[Problem to solve]: Pictures are to be left out, and only the lines below starting at the one with "Roasted pork belly with crust and herbs" and ending at the one with "Woman holding a" are to be reproduced, each exactly, both ends included.

[Dataset records]:

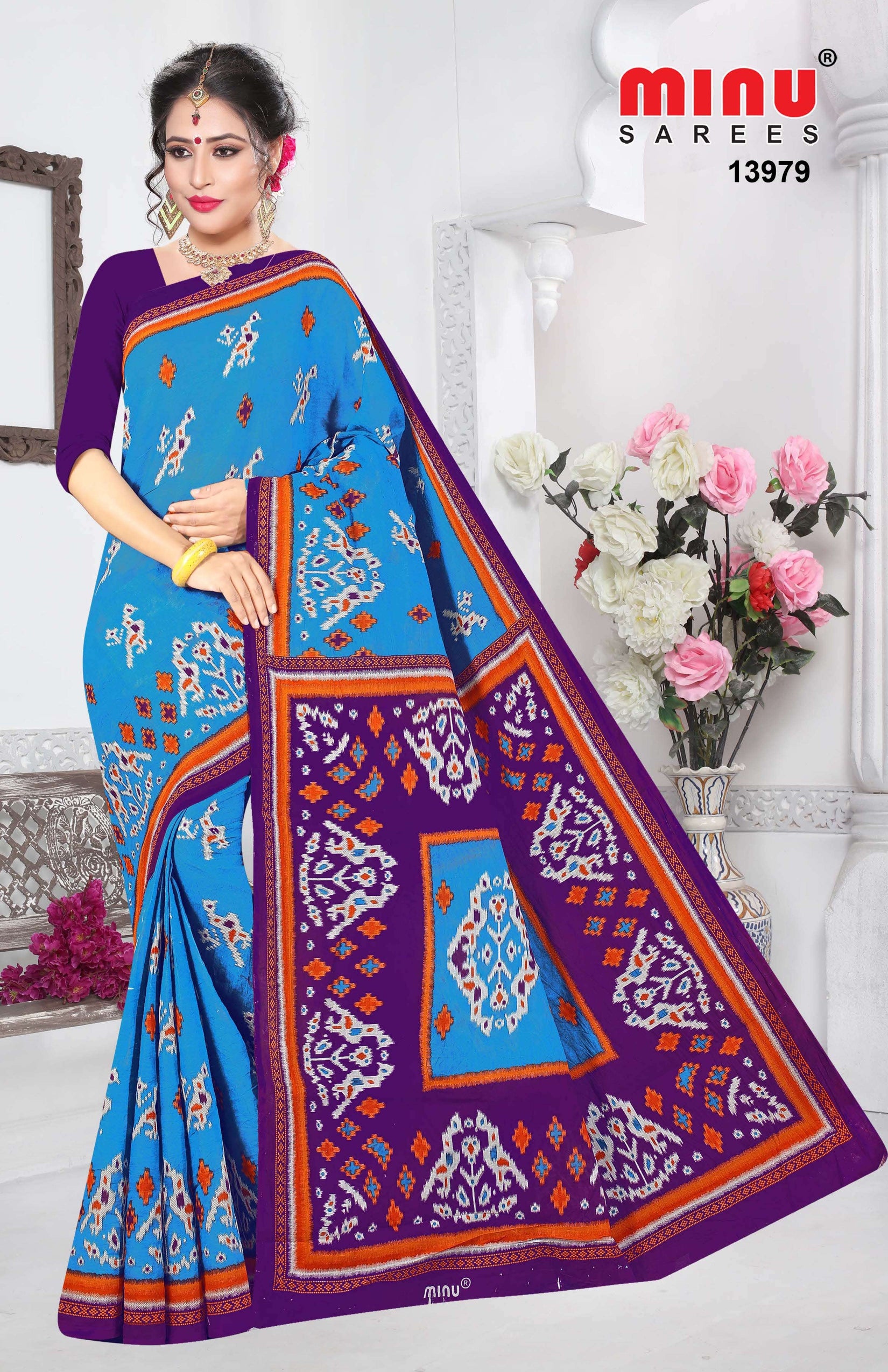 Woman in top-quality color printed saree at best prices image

...

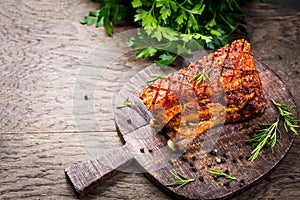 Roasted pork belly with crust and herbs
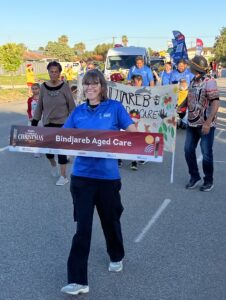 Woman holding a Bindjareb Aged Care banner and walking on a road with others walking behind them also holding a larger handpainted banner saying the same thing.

[Response box]:
 Roasted pork belly with crust and herbs
 Woman holding a Bindjareb Aged Care banner and walking on a road with others walking behind them also holding a larger handpainted banner saying the same thing.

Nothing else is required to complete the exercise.